--- START ---
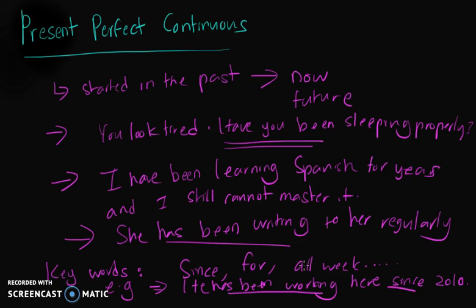I hope you learned something about present perfect continuous in this video. I look forward to seeing you again in my future videos. Thank you.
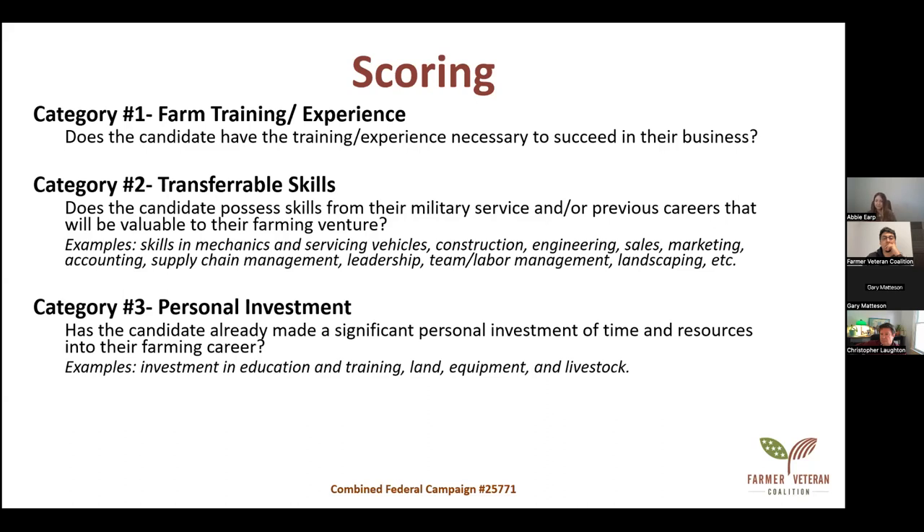Category two is transferable skills: does the candidate possess skills from military service or previous careers that will be valuable to their farming venture? Category three is personal investment: has the candidate already made a significant personal investment of time and resources into their farming career? This includes things like acquiring land, training, equipment, and livestock — even if you're just getting started.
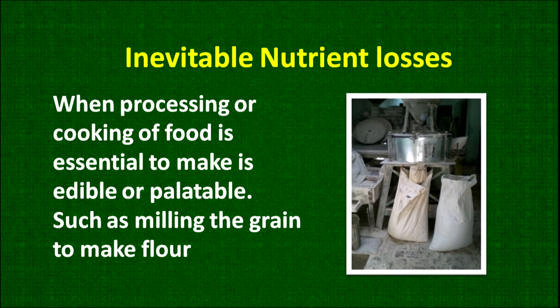Inevitable nutrient losses are those you cannot avoid. For example, wheat must be converted into flour — it has to be milled. When cooking or processing of food is essential to make it edible or palatable, you cannot avoid such losses, such as milling of grain to make flour. During milling, some nutrients, particularly vitamin B, will be lost. You cannot avoid all these losses every time.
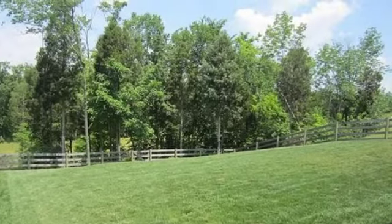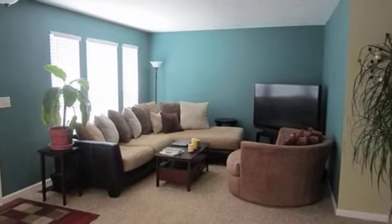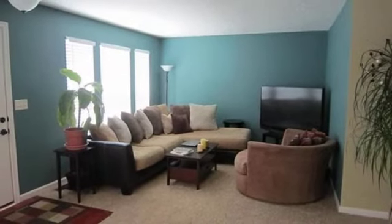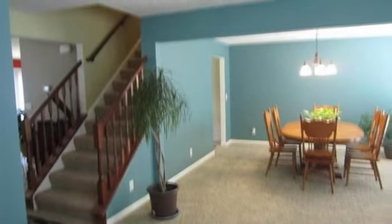Interior features of this property include walk-in closets, carpeted flooring, a formal dining room, an eat-in kitchen, an unfinished basement, a family room, and a pantry.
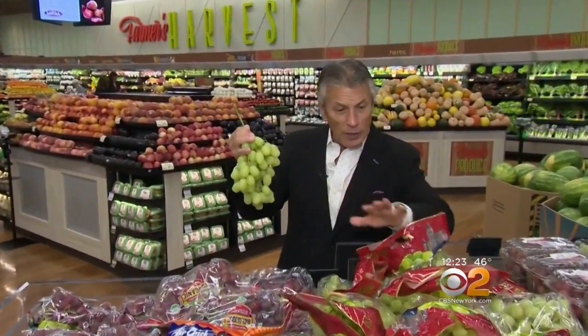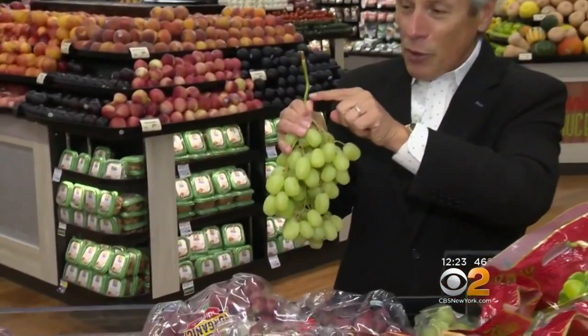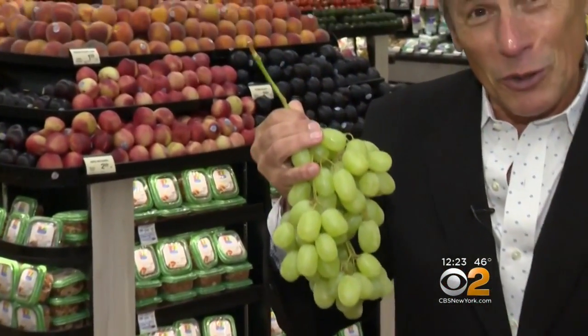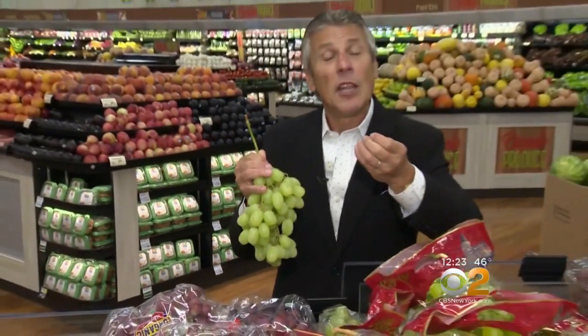But when you buy them in the market, look at the bag. Make sure that the grapes are nice and large and nice and light green or amber color. The stem, nice and green. The greener the stem, the fresher the bunch of grapes. When you bring them home, in the refrigerator right away. Never wash them before you store them, but always wash them before you enjoy them.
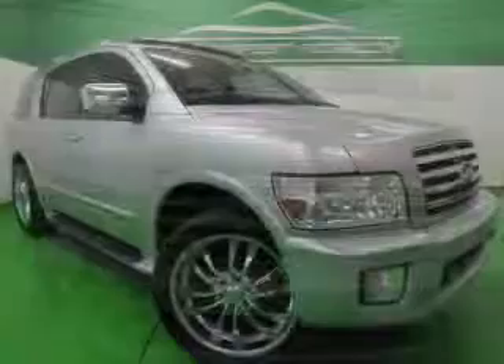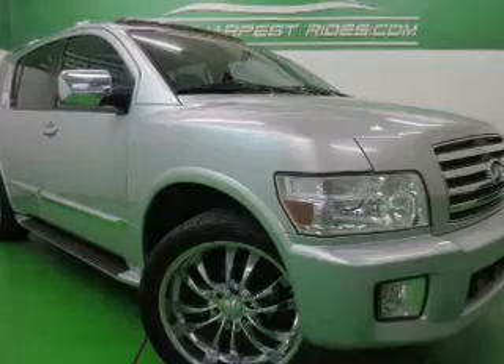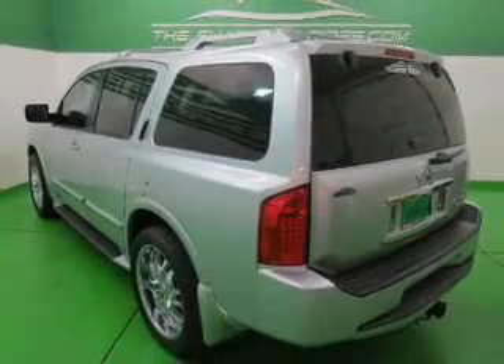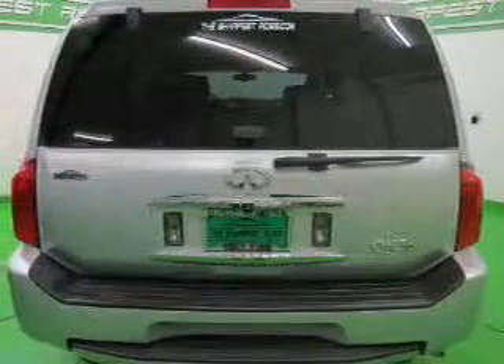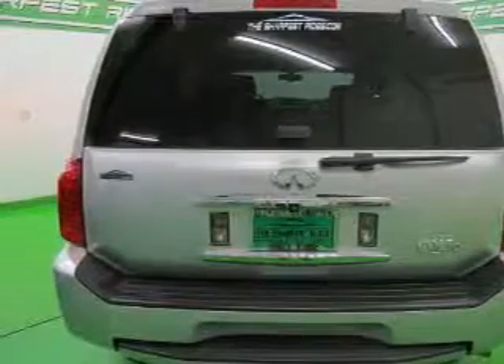The features include leather seats, heated seats, memory seats, a premium sound system, dual temperature controls, automatic climate control, an adjustable tilt steering wheel, a navigation system, an alarm system, and cruise control.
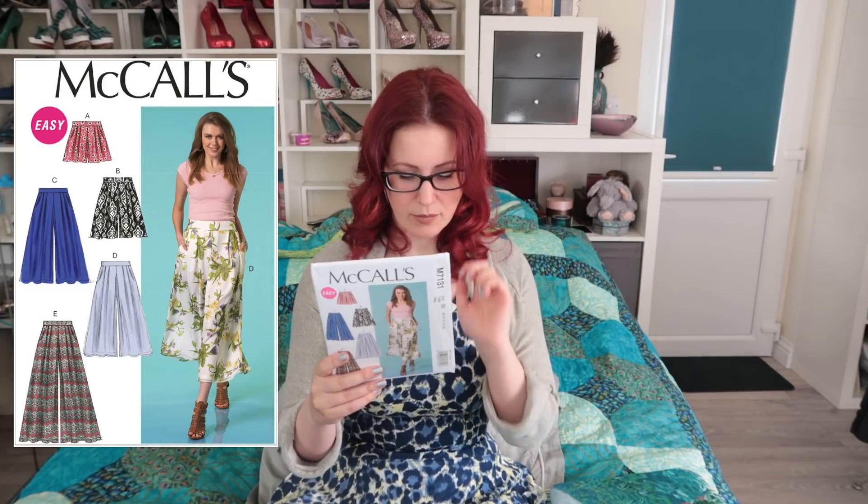Then I have McCalls 7131, and I'm not sure which length to make yet — possibly culottes, or maybe view D which has a chiffon overlay, or view E the full-length ones. I'm going to make it in a navy crepe. The pattern is designed for light to medium weight wovens and recommends gauze, challis, crepe, crepe de chine, or chiffon/georgette for the overlay.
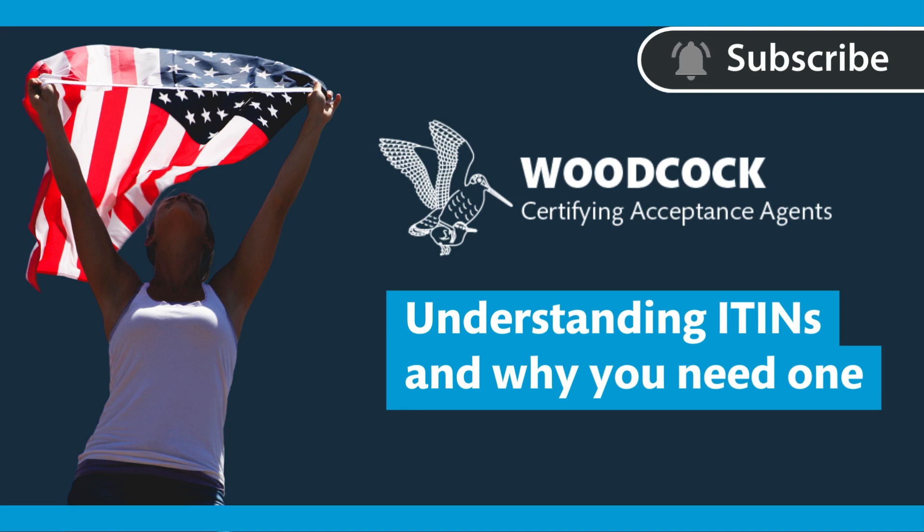Welcome back to another video by Woodcock Certifying Acceptance Agents. Today we are going to be talking about ITINs and why you need one.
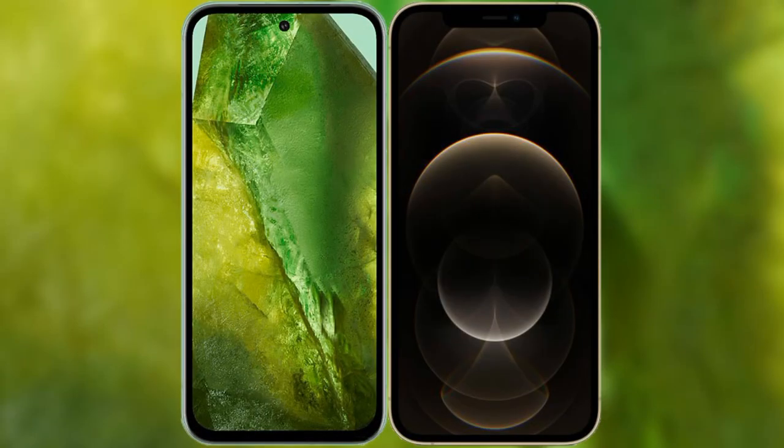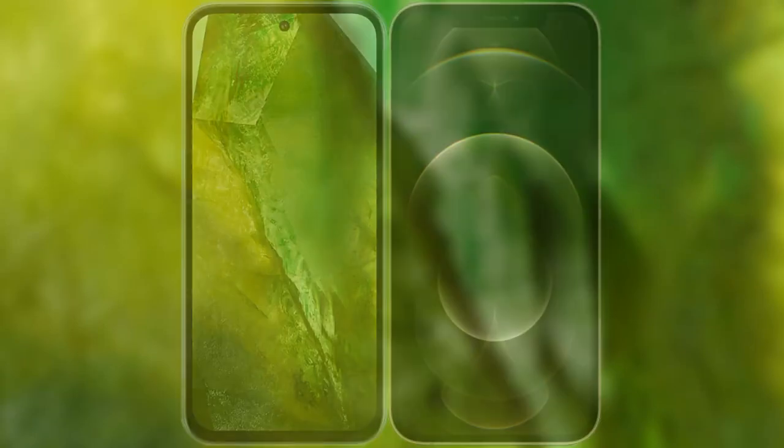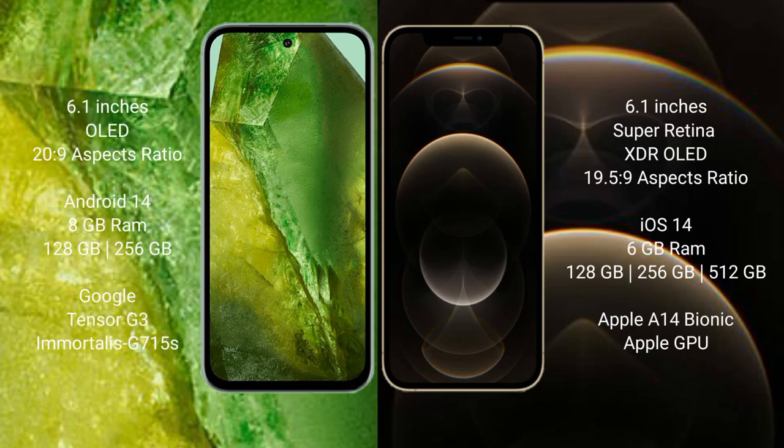I will compare the new Google Pixel 8a with iPhone 12 Pro. Google Pixel 8a comes with a 6.1 inches OLED display and aspect ratio 20 to 9. iPhone 12 Pro comes with a 6.1 inches Super Retina XDR OLED display and aspect ratio 19.5 to 9.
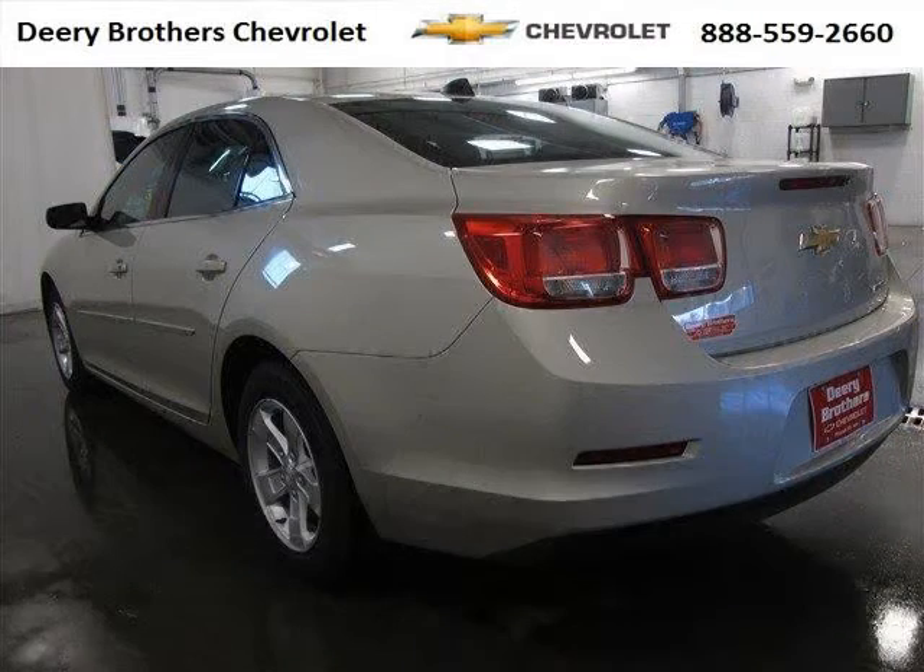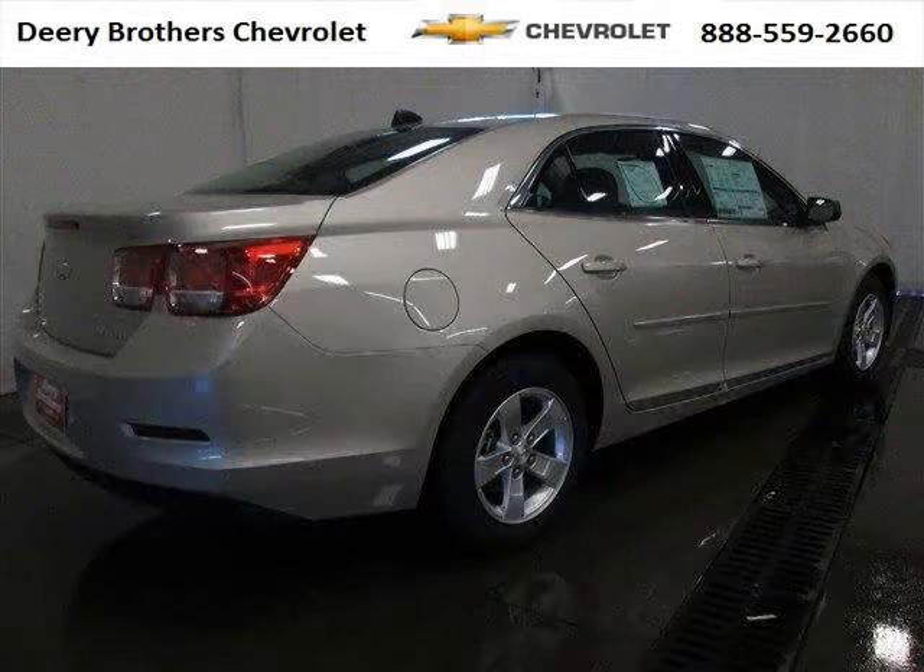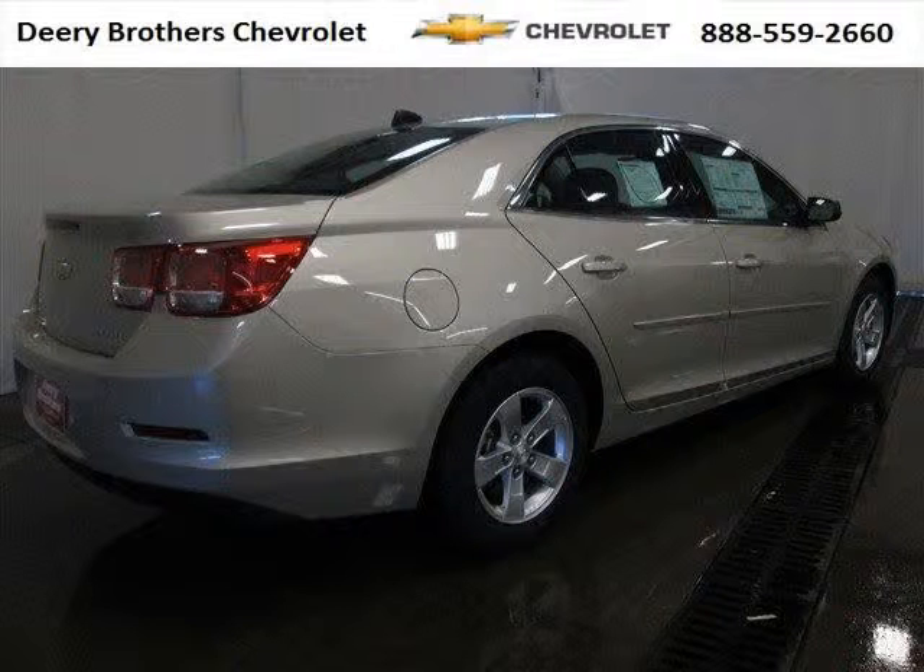With climate control, automatic transmission, it's bound to sell fast. The airbags and Dolby stereo only makes it more attractive. Low miles means it's fresh and ready to get out there.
--- END ---
## INSTRUCTIONS TO FOLLOW
What is needed is a word-for-word restatement of the entries, minus any pictures.

## YOUR SOLUTION
I hope you learned something about present perfect continuous in this video. I look forward to seeing you again in my future videos. Thank you.
Category two is transferable skills: does the candidate possess skills from military service or previous careers that will be valuable to their farming venture? Category three is personal investment: has the candidate already made a significant personal investment of time and resources into their farming career? This includes things like acquiring land, training, equipment, and livestock — even if you're just getting started.
Inevitable nutrient losses are those you cannot avoid. For example, wheat must be converted into flour — it has to be milled. When cooking or processing of food is essential to make it edible or palatable, you cannot avoid such losses, such as milling of grain to make flour. During milling, some nutrients, particularly vitamin B, will be lost. You cannot avoid all these losses every time.
Interior features of this property include walk-in closets, carpeted flooring, a formal dining room, an eat-in kitchen, an unfinished basement, a family room, and a pantry.
But when you buy them in the market, look at the bag. Make sure that the grapes are nice and large and nice and light green or amber color. The stem, nice and green. The greener the stem, the fresher the bunch of grapes. When you bring them home, in the refrigerator right away. Never wash them before you store them, but always wash them before you enjoy them.
The features include leather seats, heated seats, memory seats, a premium sound system, dual temperature controls, automatic climate control, an adjustable tilt steering wheel, a navigation system, an alarm system, and cruise control.
Then I have McCalls 7131, and I'm not sure which length to make yet — possibly culottes, or maybe view D which has a chiffon overlay, or view E the full-length ones. I'm going to make it in a navy crepe. The pattern is designed for light to medium weight wovens and recommends gauze, challis, crepe, crepe de chine, or chiffon/georgette for the overlay.
Welcome back to another video by Woodcock Certifying Acceptance Agents. Today we are going to be talking about ITINs and why you need one.
I will compare the new Google Pixel 8a with iPhone 12 Pro. Google Pixel 8a comes with a 6.1 inches OLED display and aspect ratio 20 to 9. iPhone 12 Pro comes with a 6.1 inches Super Retina XDR OLED display and aspect ratio 19.5 to 9.
With climate control, automatic transmission, it's bound to sell fast. The airbags and Dolby stereo only makes it more attractive. Low miles means it's fresh and ready to get out there.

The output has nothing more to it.